• Dataset excerpt:
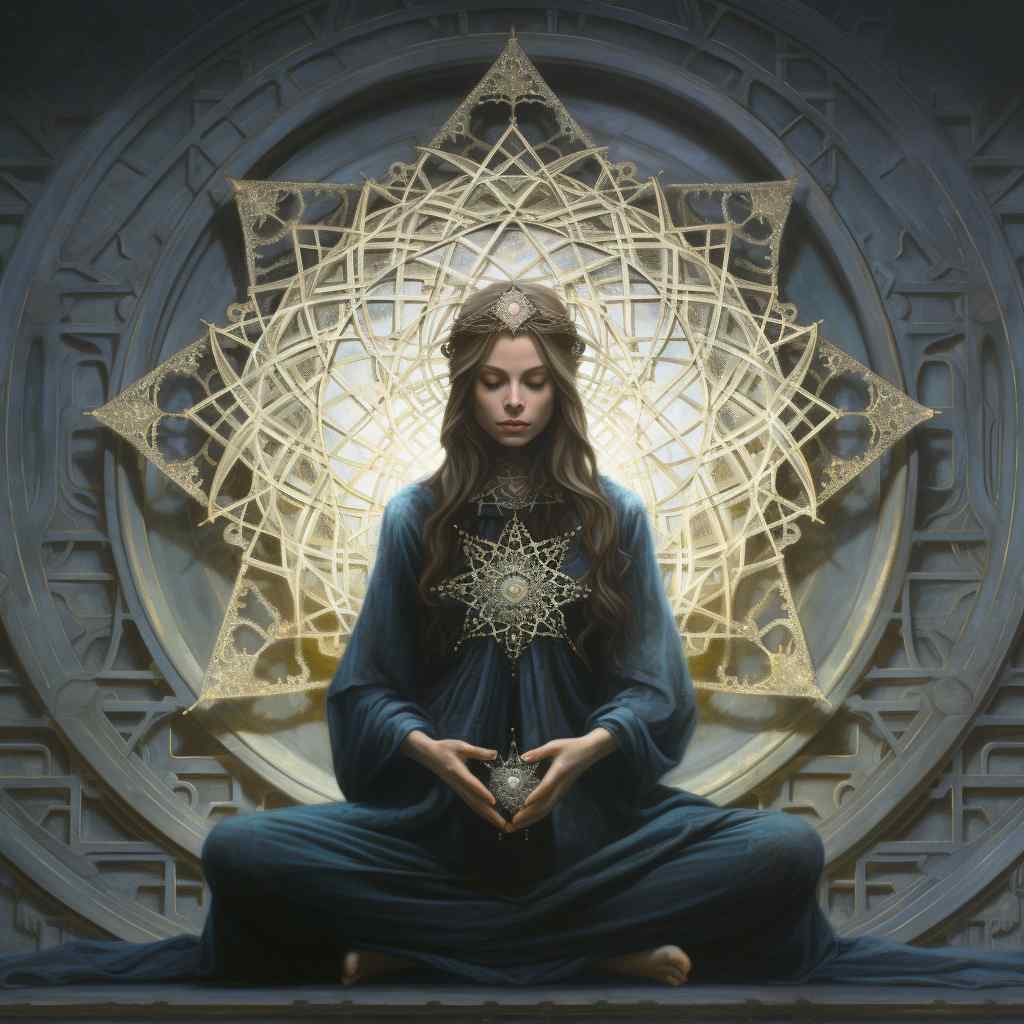 A woman in a blue gown sits cross-legged before a glowing geometric mandala. She holds a star-like object, exuding a serene, mystical aura.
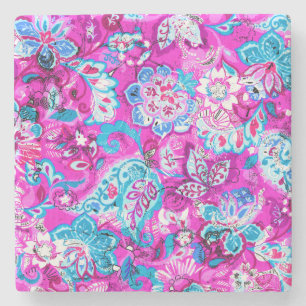 Süße blaue rosa Blumenmuster Steinuntersetzer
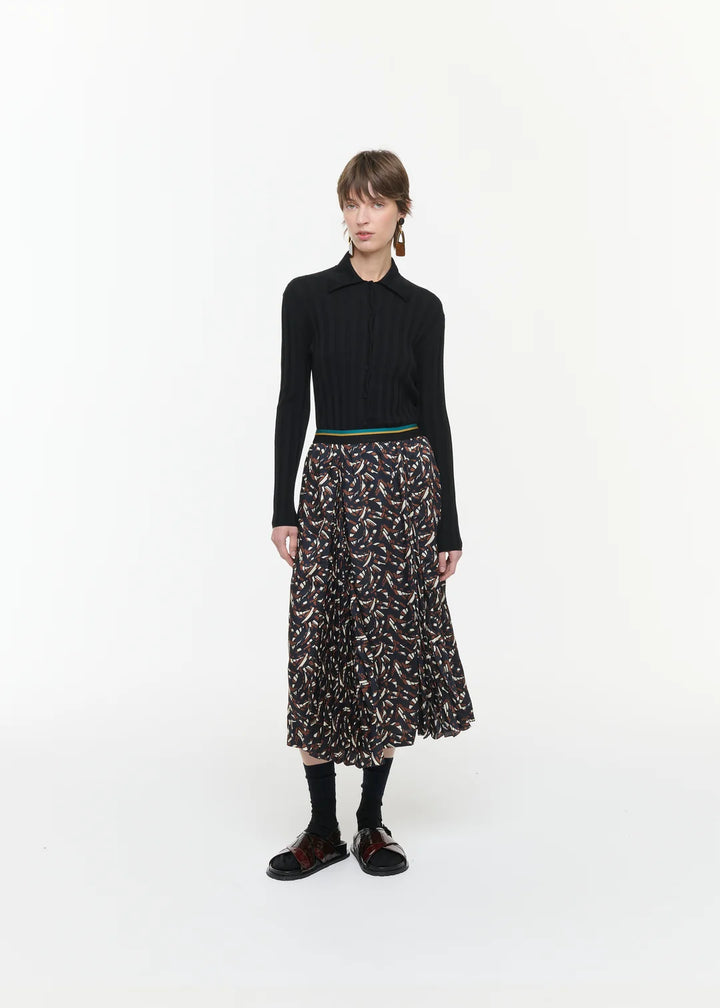 PLAN C PRINT TWILL MIDI SKIRT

• Task requirements: Everything but the pictures is needed: copy the data above exactly.

• Result of this exercise:
 A woman in a blue gown sits cross-legged before a glowing geometric mandala. She holds a star-like object, exuding a serene, mystical aura.
 Süße blaue rosa Blumenmuster Steinuntersetzer
 PLAN C PRINT TWILL MIDI SKIRT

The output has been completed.